## Aim of the task
Ignoring the pictures, repeat every entry below exactly as it appears.

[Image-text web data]
○ ○ ○ ○

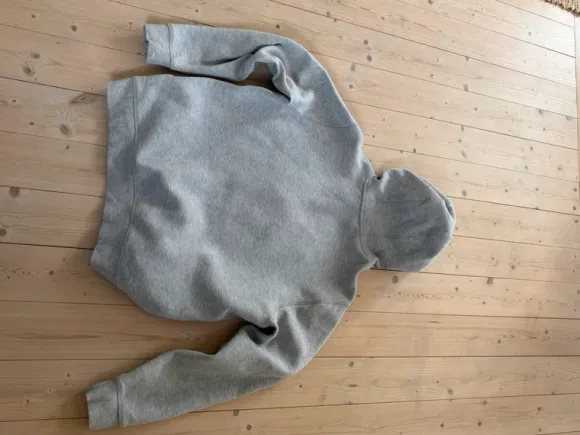 Harley Davidson hoodie
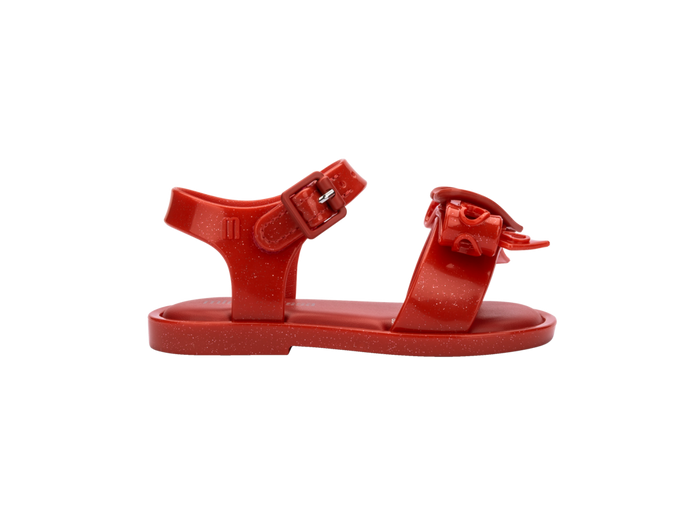 heart design sandal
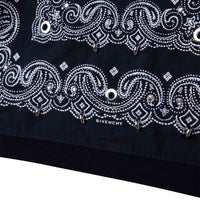 T-shirt en coton - Black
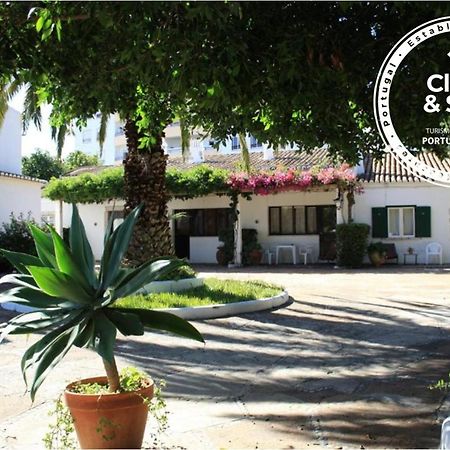 Quinta Da Ameijeira Lagos Exteriör bild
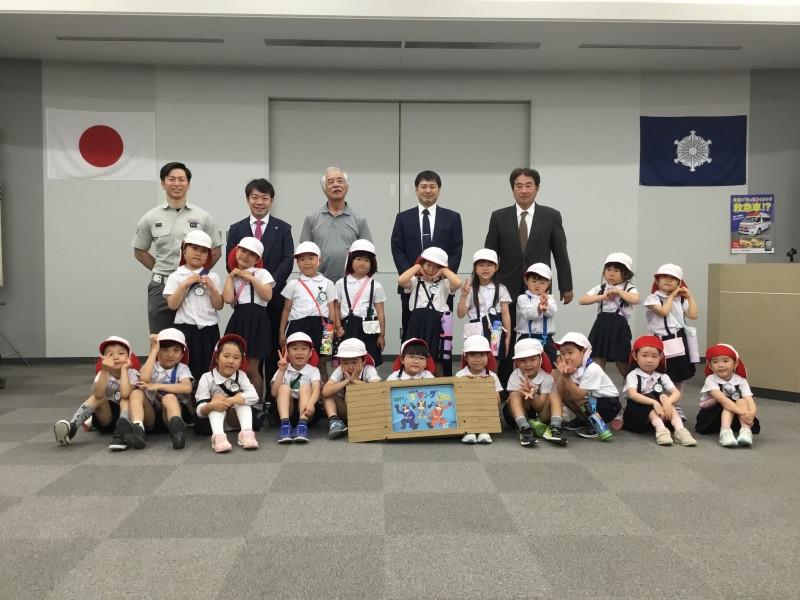ふじ幼稚園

○ ○ ○ ○

## Written answer
 Harley Davidson hoodie
 heart design sandal
 T-shirt en coton - Black
 Quinta Da Ameijeira Lagos Exteriör bild
ふじ幼稚園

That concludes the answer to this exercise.